You’ll see lots of them, suspended right there on the Chase Gallery walls.
That’s why Rick Singer’s photography exhibit at the Spokane City Hall gallery is the perfect place to start (or end) your Visual Arts Tour peregrinations.
Singer’s exhibit consists of 159 portraits of local artists, musicians, performers and arts benefactors. It’s the culmination of his monumental effort to express his support and appreciation for Spokane’s arts community.
“I’ve spent my whole life down here on West Main,” said Singer, best known as a studio portrait photographer. “I’ve usually used my studio in a way to please my customers. But in this show, I’ve pleased myself. I’m the client.”
For six months, he invited (and occasionally cajoled) the region’s top artists up to his third-floor downtown studio. Singer shot almost every portrait with the same backdrop, yet with wildly different results.

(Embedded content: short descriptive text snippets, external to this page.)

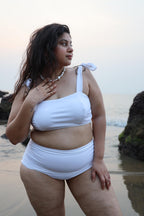 Curvy Asian woman in a white bikini 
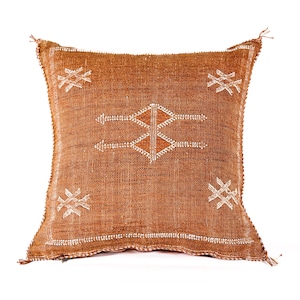 May include: Square, rust-colored decorative pillow with a geometric design. The pillow features a woven texture and is adorned with white embroidered patterns. The central design is a diamond shape with arrow-like extensions. Tassels are visible at the corners.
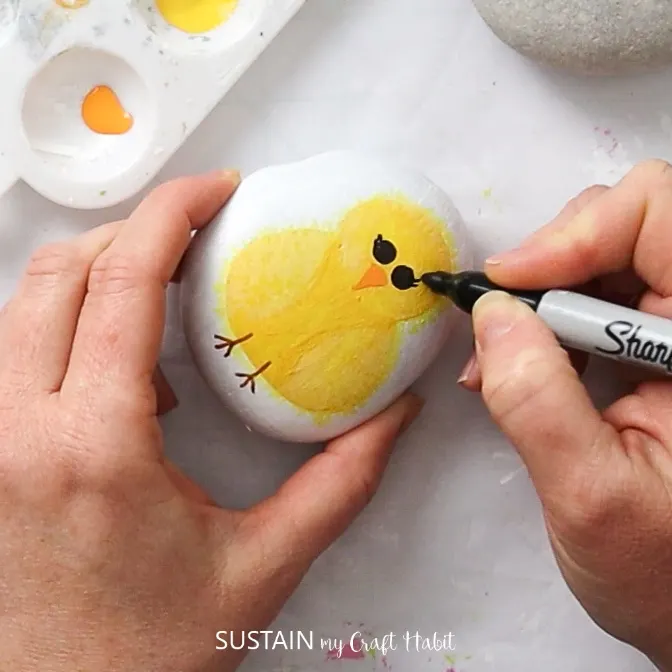 Using a sharpie marker to add eyes onto the baby chick.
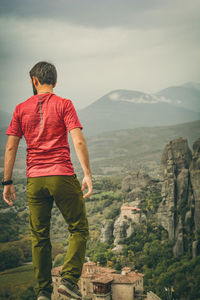 Rear view of man looking at mountains against sky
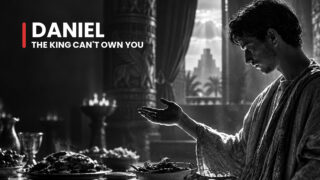 Daniel the exiled court servant looks down with an open palm above a laden table, facing the king's test of loyalty.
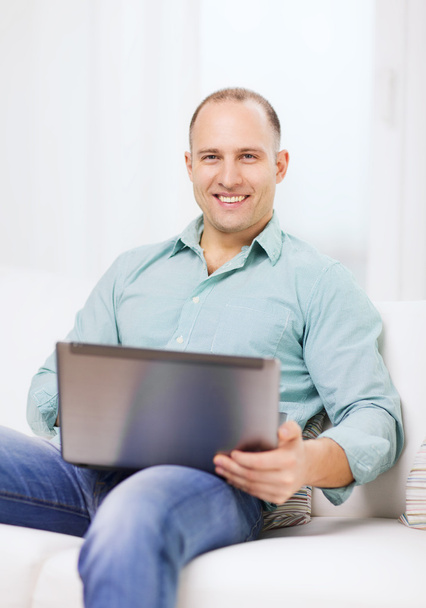 Smiling man working with laptop at home - Фото, изображение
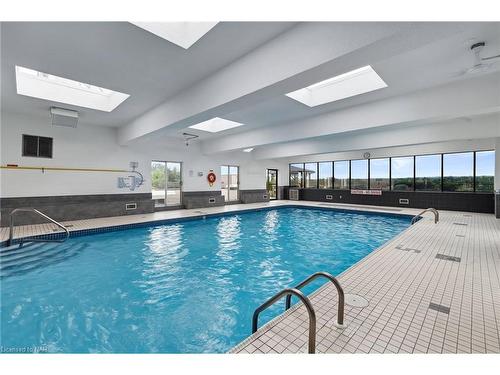 411-7 Gale Crescent, St. Catharines, ON - Indoor Photo Showing Other Room With In Ground Pool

He asked everyone to show up with either a sample of their art, the tools of their trade or – and this was the wild card – “anything that thrills you.”

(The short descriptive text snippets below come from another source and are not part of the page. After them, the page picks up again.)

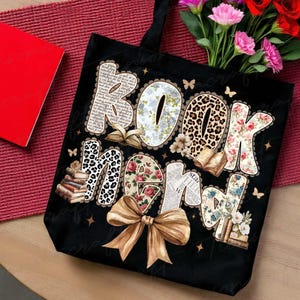 Puede incluir: Bolso tote negro con las palabras "BOOK NERD" en una variedad de fuentes decorativas, incluyendo floral, estampado de leopardo y peri&oacute;dico. Un gran lazo dorado en la parte inferior. Mariposas y peque&ntilde;as estrellas est&aacute;n dispersas alrededor del texto.
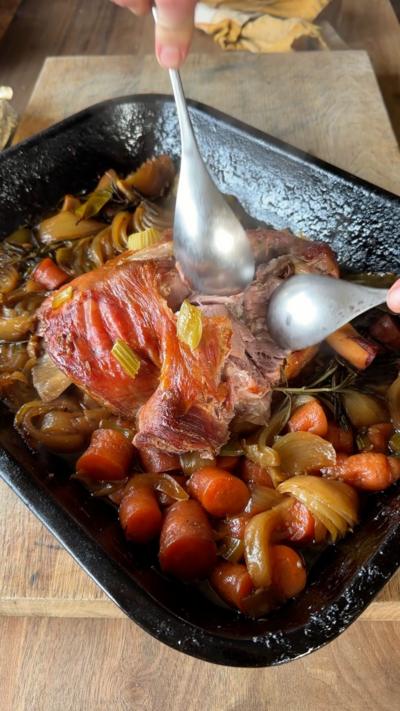A lamb joint surrounded by vegetables in black baking tin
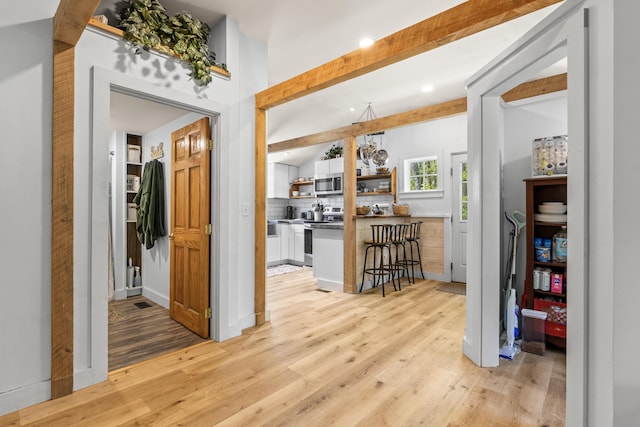 665 Hendricks Hill Rd, Southport, ME 04576 - hallway with light wood-type flooring, beam ceiling, and recessed lighting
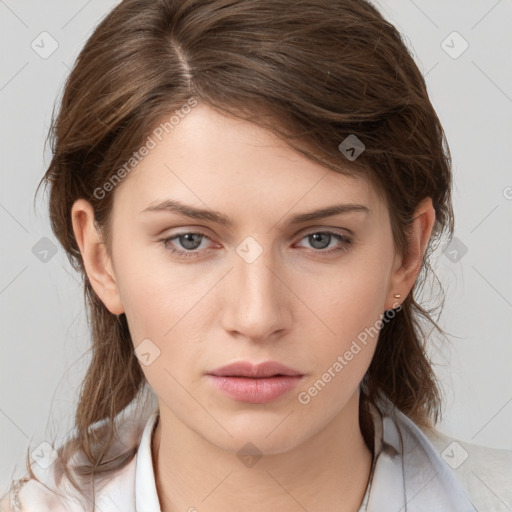 Neutral white young-adult female with medium  brown hair and grey eyes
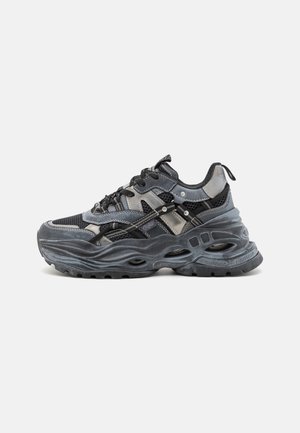 Zwarte en grijze sportschoenen met een bovenwerk van mesh en synthetisch materiaal, prominente golvende zool, reflecterende accenten en een gelaagd ontwerp.
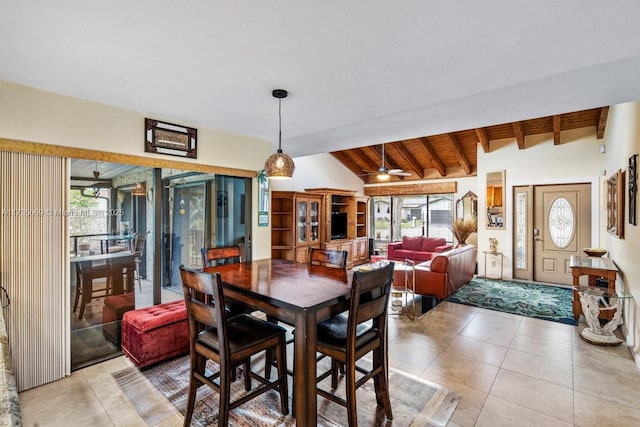 dining space featuring ceiling fan, light tile patterned floors, lofted ceiling with beams, and wooden ceiling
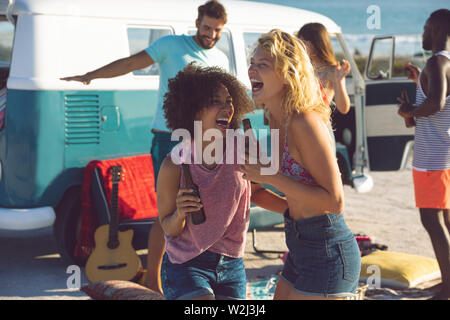 Gruppo di amici divertendosi vicino a camper van a beach Foto Stock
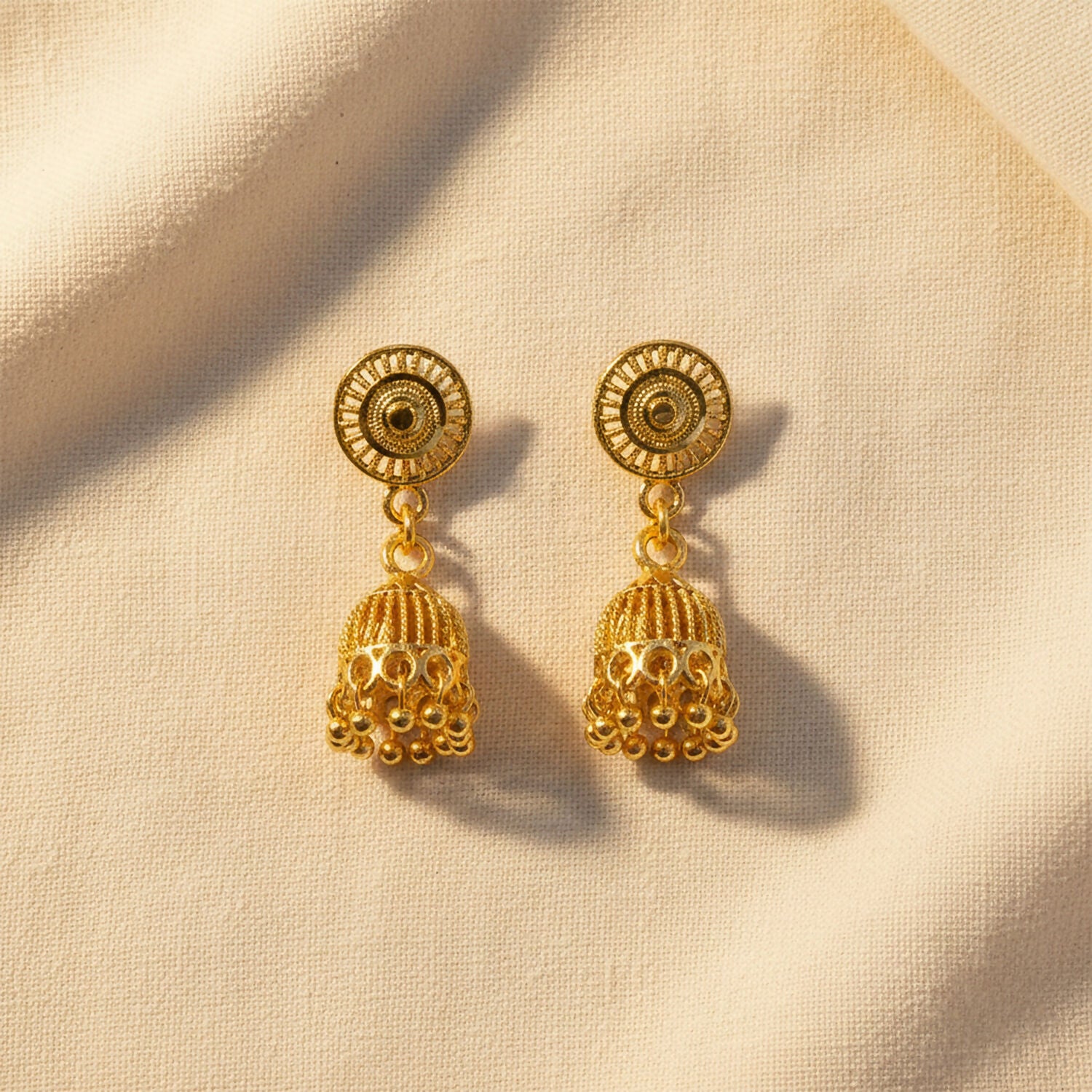 Traditional gold plated jhumka earrings from side angle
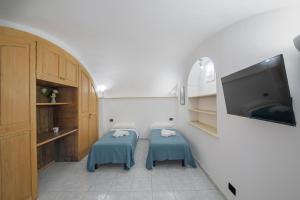 TV/trung tâm giải trí tại Casa Il Riccio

Thus we have artist and teacher Bernadette Vielbig covered completely with 4,000 marshmallow Peeps. We have Tim Lord with his collection of skulls. And we have Charlie Schmidt in a flight suit.

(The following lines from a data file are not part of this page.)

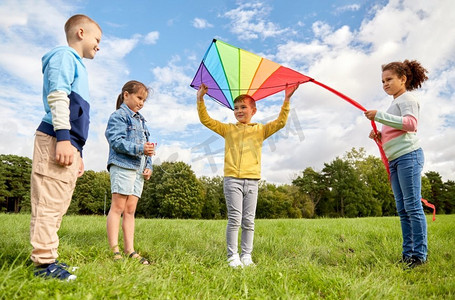 童年，休闲和人的概念—一群快乐的孩子在公园玩风筝。快乐的孩子与风筝玩在公园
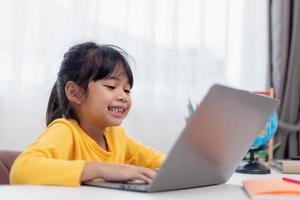 First day at school. Asian little girl using a laptop computer, studying through online e-learning system. photo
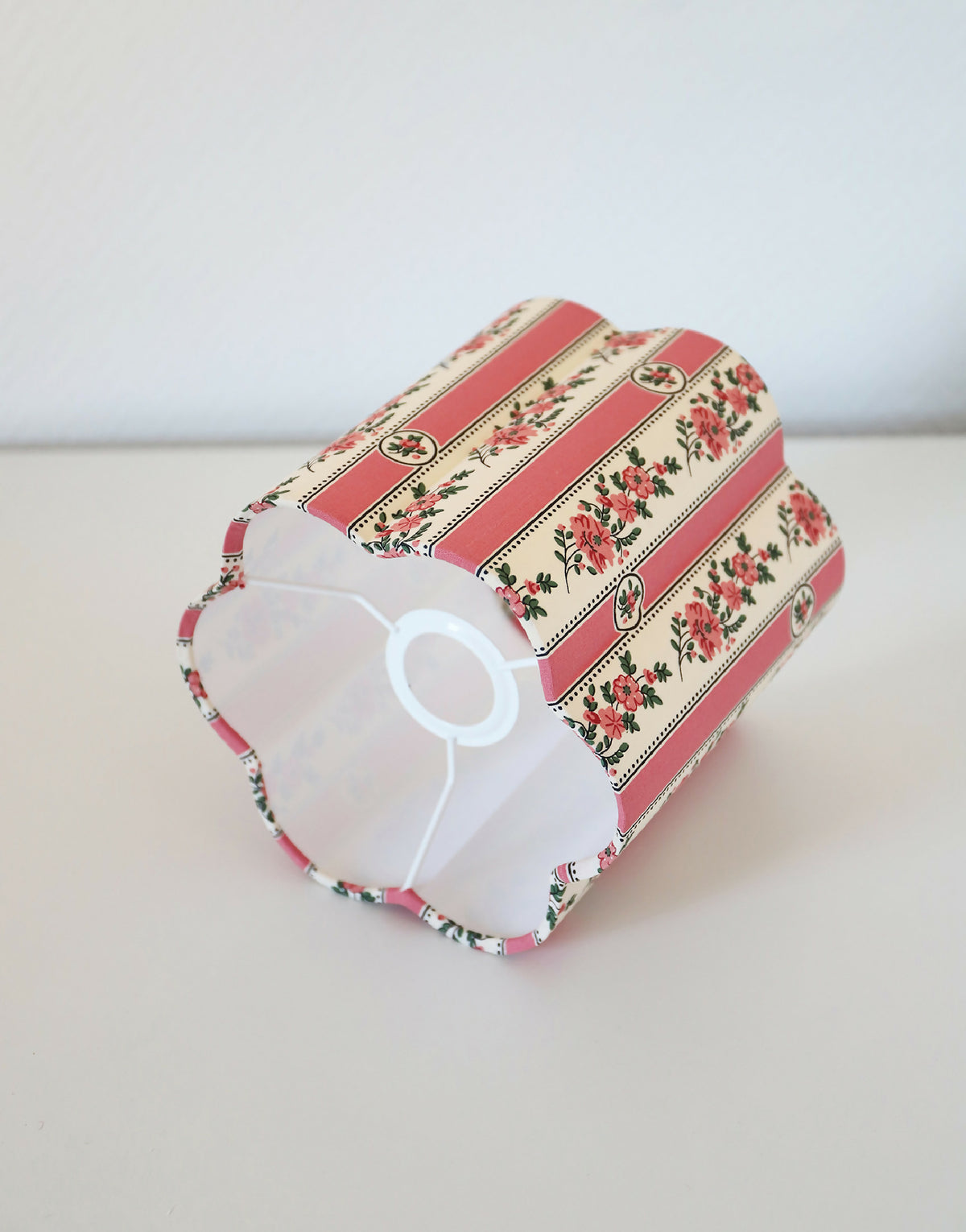 Abat-jour forme fleur rayé rose, motifs floraux, vue de profil avec intérieur blanc.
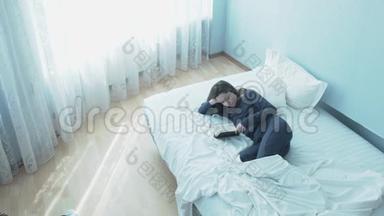 一个年轻可爱的女人，穿着睡衣，早上在床上看书。 在床上看书的漂亮年轻女子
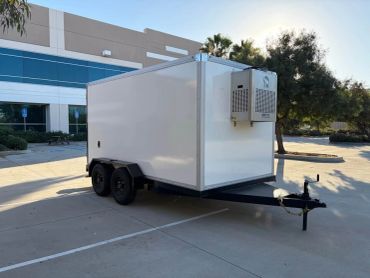 White enclosed trailer parked outside a building.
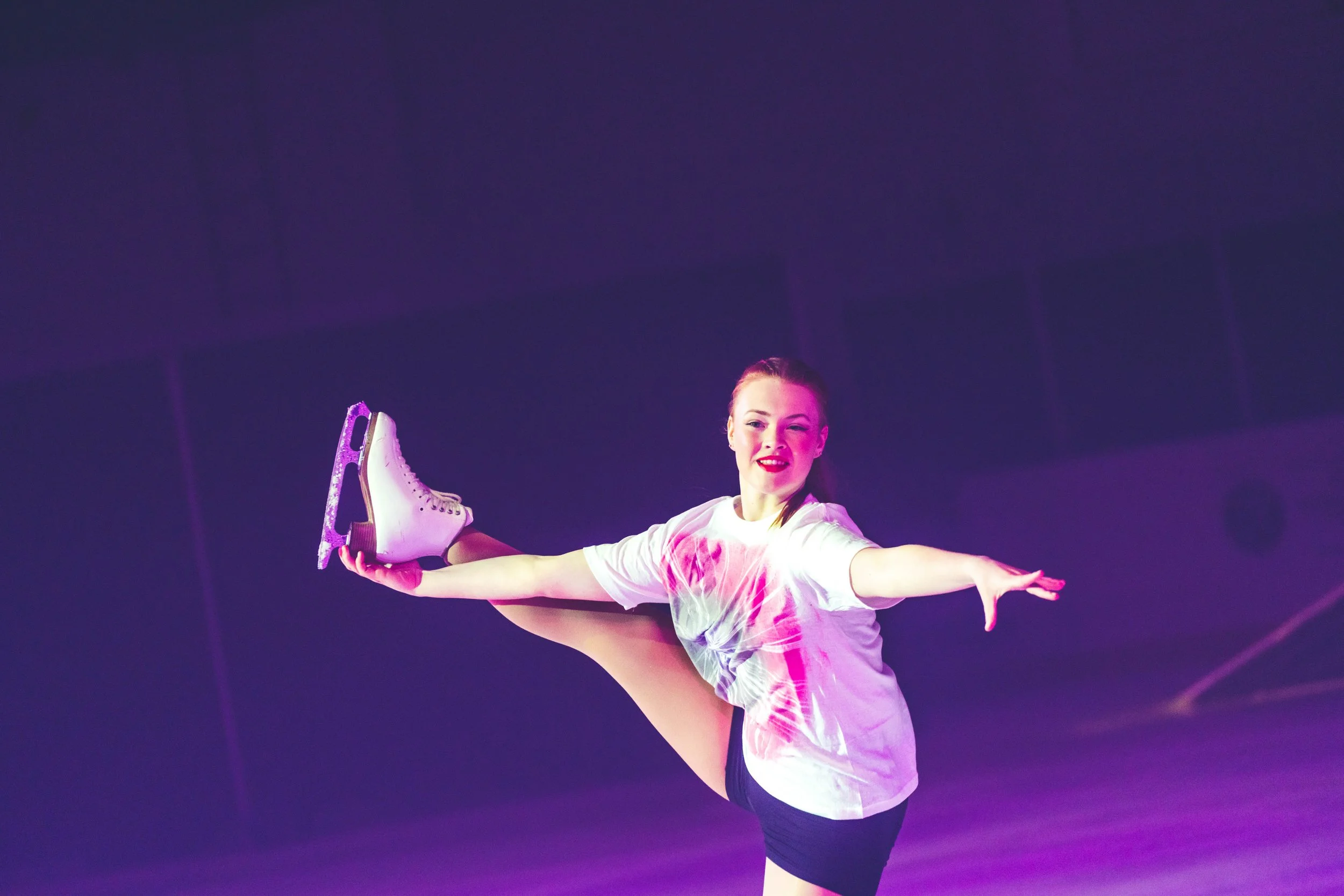 A young woman in a white T-shirt and black shorts performs a spiral dance move while holding white and purple ice skates, with a dark purple stage background and stage lighting.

That’s the same look Schmidt will be sporting a few blocks away, at another stop on the Visual Arts Tour: “Performance Art Test Pilot,” his show at the Lorinda Knight Gallery.
You’ll see his paintings, drawings and installations – including a test-pilot module and an entire cut-open trailer. During the opening reception Friday evening, you’ll also see a 16-minute performance (repeated every 40 minutes) in which Schmidt wanders the galaxies and receives signals about, well, the meaning of the universe.
“I go on various test flights and encounter Jesus and Buddha and my mother,” said Schmidt. “She’s 86 and she’ll be in the show, in the trailer, serving up Italian food.”
Schmidt is a well-known character in Spokane’s art and performance scenes, yet he has devoted most of his energies recently to doing advertising work. This is his first full-fledged art show.
“People tend to think I’m unusual and dance to the beat of my own drummer,” said Schmidt. “But I realized recently I wasn’t practicing what I was preaching. I decided in the last year to be myself and see what happens. And that’s how the test pilot theme came about.”
Nothing else may match that for sheer wildness, but the Visual Arts Tour will present many other unusual and stunning faces.
Many will be on display in “The Mask Show,” featuring a dozen masks created by regional artists, at Artisans’ Wares downtown. Some masks are on dolls, others are full-size disguise masks, all done in the artists’ chosen media.
Even the downtown parking meters will get into the arts act. The meters on Post Street between Main and Second avenues will be topped with artist-made “hats” on Friday from 5 to 9 p.m.
Not only will the streets look jaunty, but no meter money will be required.